A substantial amount of effort appears to have been devoted in the data analysis and preparation of this manuscript. In general, it is well written and explained. The topic of OH and HO2 in the MLT region is important for upper atmospheric science and there are several aspects that are still not well understood. Retrievals of atmospheric composition from remote-sensing observations in this atmospheric region still have large uncertainties and may contain inconsistencies. Examining the underlying assumptions can provide helpful insights. In that sense, the manuscript is commendable for systematically examining fundamental details related to these problems.
I am not clear on what significant new knowledge is gained. Some of the conclusions seem unsubstantiated and even unrealistic, especially the main conclusion that “the simultaneous application of OH and HO2 equilibrium to the SABER data (O3, volume emission rates at 2.0 and 1.6 um) together with the criteria (16) and (24) to control this equilibrium validity is going to retrieve all unknown HOx – Ox components (O, H, OH, and HO2), extending the altitude range of retrieval below 80 km and without external information.”
Specific Comments
* The manuscript uses solar elevation angles greater than 95° to discriminate between twilight and nighttime conditions.

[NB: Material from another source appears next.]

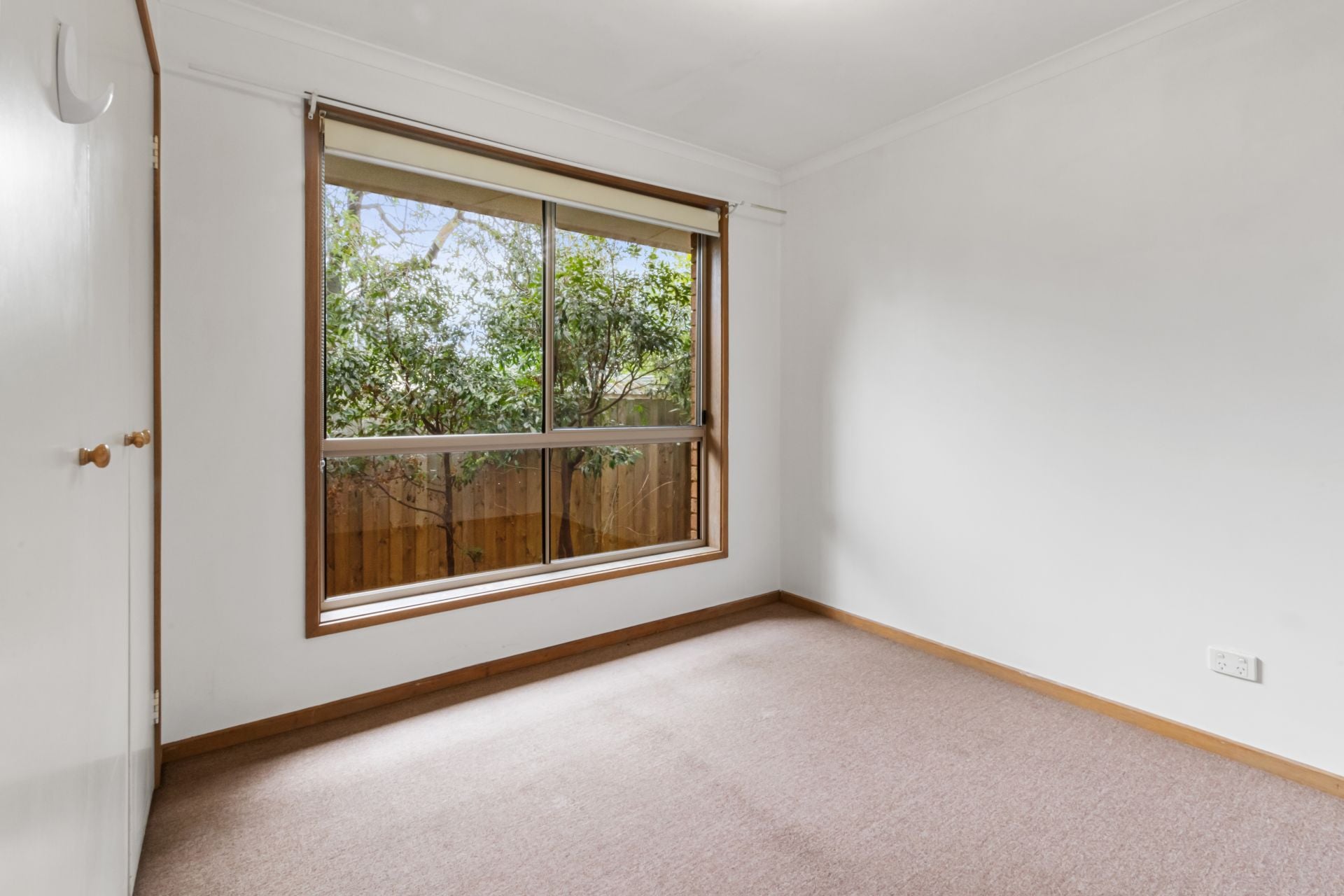 IF YOURE LOOKING FOR SPACE, LOOK NO FURTHER!!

This is insufficient and would include twilight conditions during which steady-state nighttime conditions may not have been established yet. The convention for astronomical nighttime is 108°, and various studies have used values in the range 100-110°. In comparison, the Panka et al. (2021) SABER data set this manuscript considers indicates a nighttime cutoff angle of 105° (this is according to the available data for 2009 at the website https://saber.gats-inc.com, the Panka et al. (2021) paper does not explicitly call this angle).

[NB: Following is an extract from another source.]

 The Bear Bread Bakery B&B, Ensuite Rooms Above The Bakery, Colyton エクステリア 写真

* The criteria for equilibrium validity conditions require a difference of less than or equal to 10% between the species concentration calculated by the chemical transport model and that estimated using instantaneous local equilibrium between production and loss. The manuscript provides no discussion of uncertainties in the model, the observations, and several rate constants at the low MLT temperatures. To have confidence that when the equilibrium criterion is not met there is a meaningful deviation from equilibrium, all the other uncertainties must be significantly smaller than the considered range of departure from equilibrium. This does not appear to be the case given all the above uncertainties. This is a critical point that is fundamental to this research effort. The comparison with the Panka et al.(2021) data set further demonstrates this point.

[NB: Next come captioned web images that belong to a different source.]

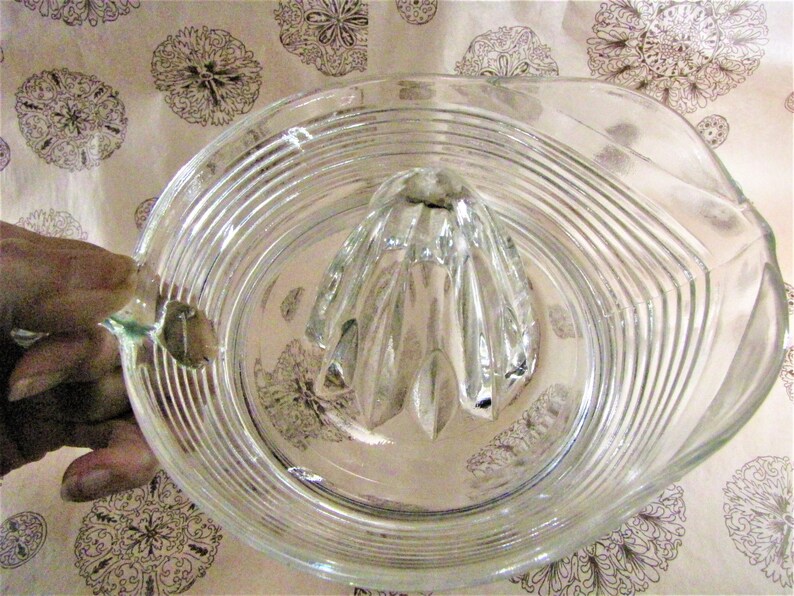 Retro Vintage Kitchen Décor Lemon Citrus Juicer Squeezer - Etsy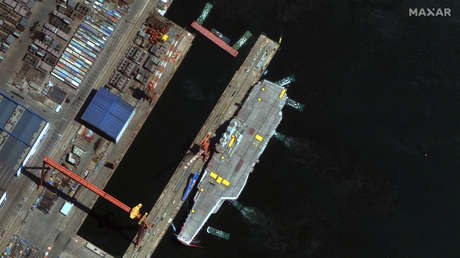 China envía su primer portaviones de fabricación nacional al estrecho de Taiwán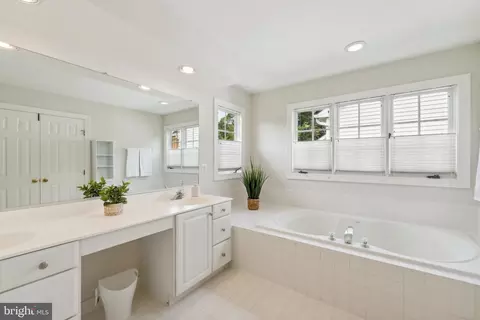 43237 Lighthouse Pl, Chantilly, VA 20152 photo 32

* Regarding the examination of SABER remote-sensing observations and the modeling analysis by Panka et al.(2021), consideration of the relevant uncertainties would provide context and assess the results. There are substantial uncertainties in all the retrieved SABER minor constituents, [H], [O], and [O3] being the most relevant in this case. These are at best within approximately 20% and the relative errors are often largest at the lower and higher ends of the studied altitudes. With all this in mind, it seems that the data points shown in Figure 12 may well be outliers with limited significance at best. According to the manuscript (lines 406-407), “…the local height position of the OH equilibrium boundary can rise up to 87 km.” The Panka et al. data set comprises 263,432 measurements and the number of points above 80 km is no more than approximately 2% (based on about five hundred points on each of the panels of Fig. 12). The overwhelming majority of those measurements are not consistent an equilibrium height above 80 km.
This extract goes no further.